• ABOUT THIS TASK: The data must be reproduced verbatim; images are to be omitted.
━━━━━ RECORDS SUPPLIED ━━━━━
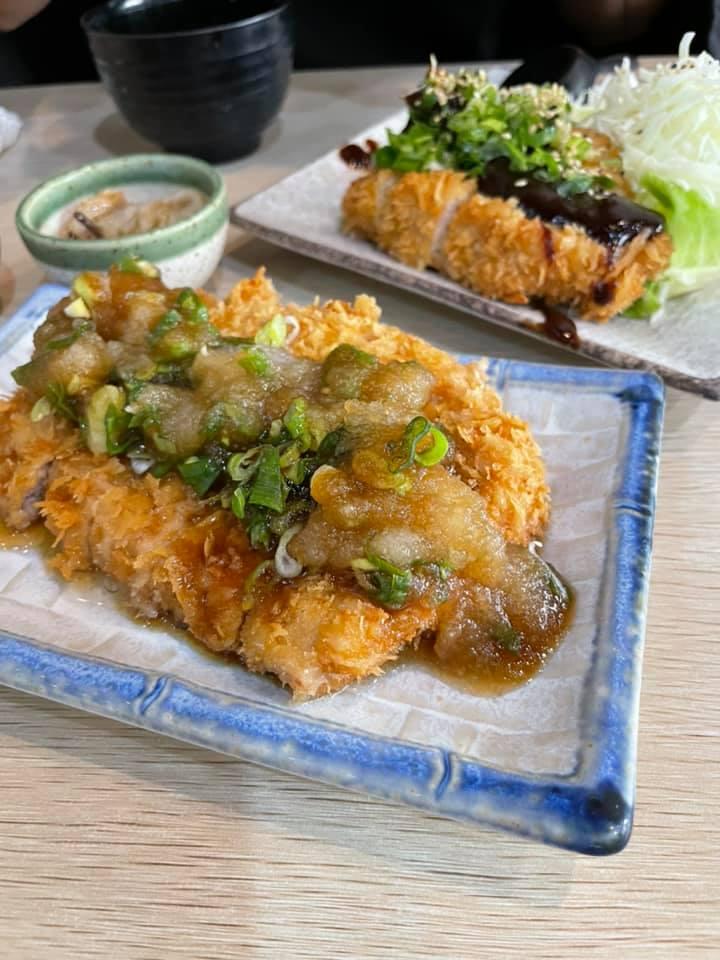 金鯱家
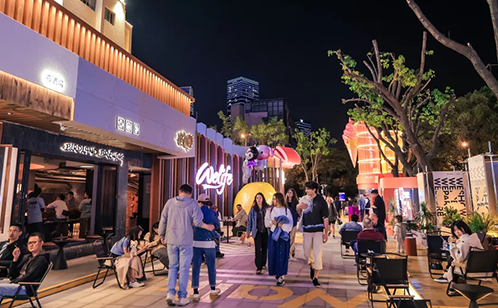 一码中内部资料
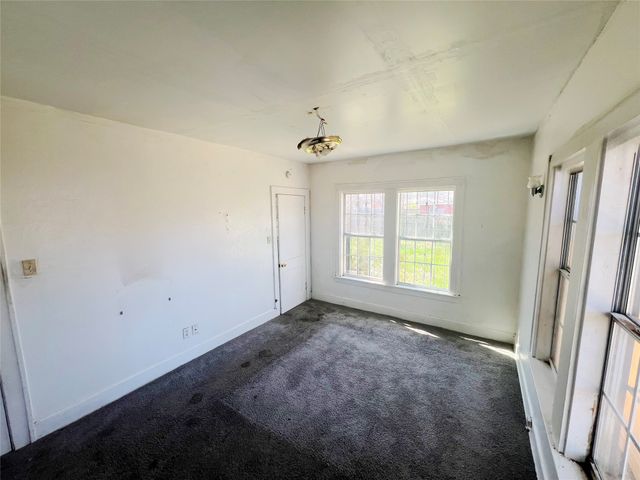 4607 Spring Garden Street, Dallas, TX 75215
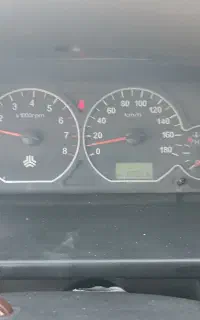 پراید مدل 90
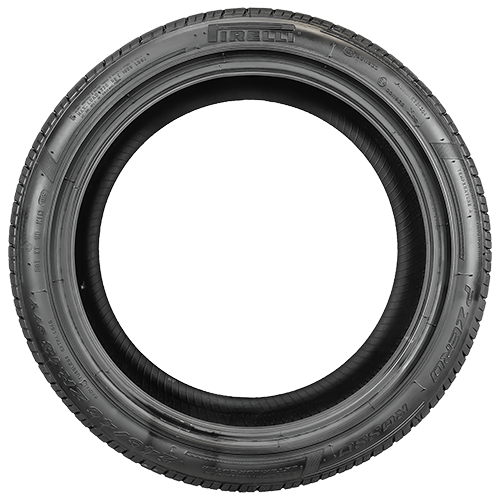 275/45 R18 103Y P Zero Rosso Asimm. FSL MO Pirelli
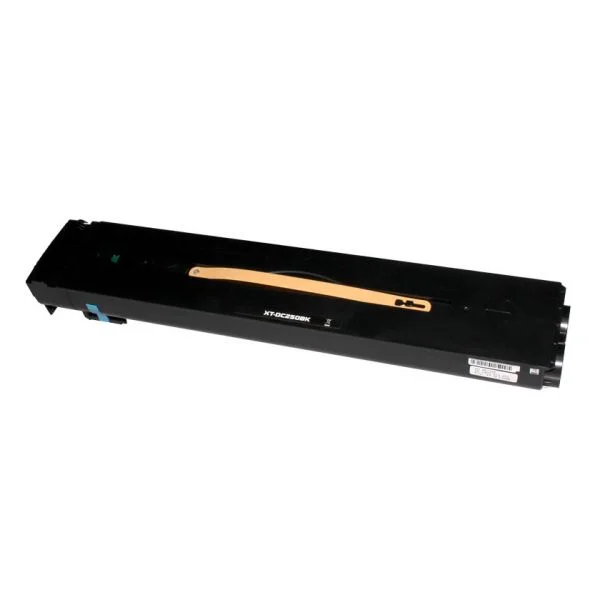 Toner Xerox 006R01451 Magenta Compativel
━━━━━
• ANSWER BOX:
 金鯱家
 一码中内部资料
 4607 Spring Garden Street, Dallas, TX 75215
 پراید مدل 90
 275/45 R18 103Y P Zero Rosso Asimm. FSL MO Pirelli
 Toner Xerox 006R01451 Magenta Compativel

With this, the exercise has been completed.